The plant that tea comes from grows across much of Asia, its native home – Sri Lanka, India, Viet Nam, China etc… it grows, and is cultivated, in 35 countries across the world such as Africa, Argentina and even the UK (!) to name just a few. It can grow anywhere, and in most climates – from small gardens, to giant plantations spanning acres. However, there’s a common set of criteria needed for the successful cultivation of the real grade-A stuff.
High Altitude – you tend to find wet, misty conditions the higher up you go, which is great for a plant that needs to be protected from harsh sunlight, and access to plenty of water & minerals as it grows.
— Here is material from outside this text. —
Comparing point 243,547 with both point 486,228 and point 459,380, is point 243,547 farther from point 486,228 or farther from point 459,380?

The leaves can mature slowly without the worry of being scalded by fierce temperatures, and despite it taking longer to grow at higher altitudes, the flavor produced is better – in other words, it’s worth the wait!
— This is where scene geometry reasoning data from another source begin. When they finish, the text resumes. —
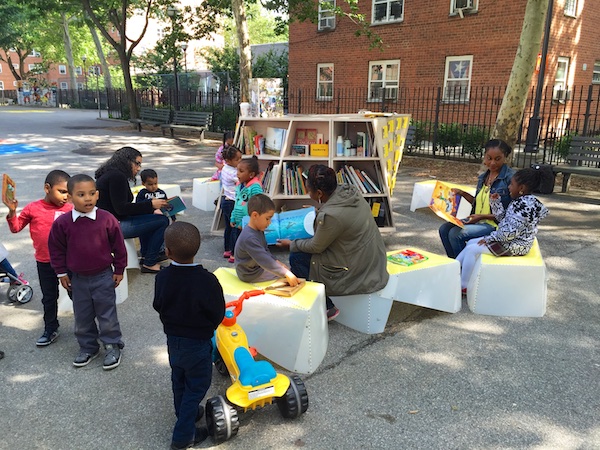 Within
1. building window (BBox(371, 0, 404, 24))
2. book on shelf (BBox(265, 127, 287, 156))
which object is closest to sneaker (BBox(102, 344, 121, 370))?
book on shelf (BBox(265, 127, 287, 156))

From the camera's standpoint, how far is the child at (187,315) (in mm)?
2520

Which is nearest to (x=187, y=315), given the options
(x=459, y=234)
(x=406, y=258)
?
(x=406, y=258)

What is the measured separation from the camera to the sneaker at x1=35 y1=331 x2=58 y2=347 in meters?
3.80

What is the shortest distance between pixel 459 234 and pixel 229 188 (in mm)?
2861

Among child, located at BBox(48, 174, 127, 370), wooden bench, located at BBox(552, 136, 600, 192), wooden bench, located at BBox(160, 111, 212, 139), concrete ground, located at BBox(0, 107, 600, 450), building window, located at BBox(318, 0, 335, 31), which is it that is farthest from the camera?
building window, located at BBox(318, 0, 335, 31)

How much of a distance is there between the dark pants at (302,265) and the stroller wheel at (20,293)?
2587mm

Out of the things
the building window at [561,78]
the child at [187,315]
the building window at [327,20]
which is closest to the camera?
the child at [187,315]

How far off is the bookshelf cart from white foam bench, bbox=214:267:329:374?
8.91ft

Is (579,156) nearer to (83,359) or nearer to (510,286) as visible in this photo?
(510,286)

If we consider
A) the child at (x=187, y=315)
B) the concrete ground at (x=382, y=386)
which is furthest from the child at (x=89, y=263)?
the child at (x=187, y=315)

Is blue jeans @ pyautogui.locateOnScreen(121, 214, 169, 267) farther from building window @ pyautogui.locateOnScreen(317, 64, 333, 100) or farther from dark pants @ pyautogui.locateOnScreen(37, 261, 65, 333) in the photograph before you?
building window @ pyautogui.locateOnScreen(317, 64, 333, 100)

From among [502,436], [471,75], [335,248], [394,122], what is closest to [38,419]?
[335,248]

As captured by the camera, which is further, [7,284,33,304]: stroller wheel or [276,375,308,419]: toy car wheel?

Steep mountain slopes – some of the highest quality tea comes from mountain ranges with an altitude of over 1200m. This creates a perfect atmosphere of misty & humidity to help leaves absorb as much water, and nutrients as possible.
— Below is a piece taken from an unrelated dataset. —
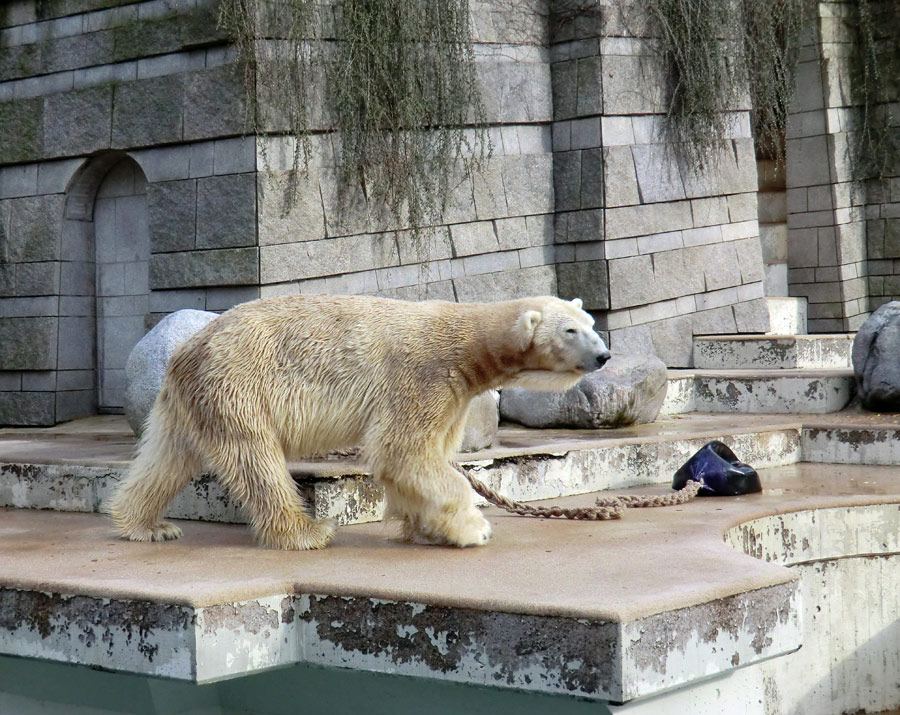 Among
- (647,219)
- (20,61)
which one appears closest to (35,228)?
(20,61)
Sub-tropical climate – despite being able to grow in most climates, the best type of tea comes from plantations in humid climates – typically above 10 degrees. This climate gives the plants the best chance of maturing slowly, and developing the perfect flavors.
Moist, acidic, deep soil – tea needs rainfall, at least 50inches of rainfall to be precise, in order to flourish. They prefer deep, acidic soils in order to soak up some of the much needed minerals for successful growth.
As mentioned earlier, there are other areas, climates and conditions that tea can and does grow, i.e The UK – something I’m looking forward to exploring in more detail as I progress with this project. Must admit, I’m finding it difficult to imagine the UK as a tea-friendly environment, I shall have to write to the team at Tregothan, to find out!
For now however, getting the basics is key. And on that, I’ve invested in two great books to help me on my quest. I’ll be reviewing them shortly, and sharing all my learnings.